═══ Dataset excerpts

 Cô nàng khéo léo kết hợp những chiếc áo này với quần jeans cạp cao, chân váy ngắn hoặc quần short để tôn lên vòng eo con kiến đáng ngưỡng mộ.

══════
═══ Dataset excerpts

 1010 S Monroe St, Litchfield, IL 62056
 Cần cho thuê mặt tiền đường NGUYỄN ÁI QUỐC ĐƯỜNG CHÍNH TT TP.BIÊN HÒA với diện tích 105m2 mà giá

══════

» Problem to work on
Please copy the lines above from the line with "1010 S Monroe St, Litchfield, IL 62056" up to and including the line with "Cần cho thuê", exactly as written and with nothing else.

» Task output
 1010 S Monroe St, Litchfield, IL 62056
 Cần cho thuê mặt tiền đường NGUYỄN ÁI QUỐC ĐƯỜNG CHÍNH TT TP.BIÊN HÒA với diện tích 105m2 mà giá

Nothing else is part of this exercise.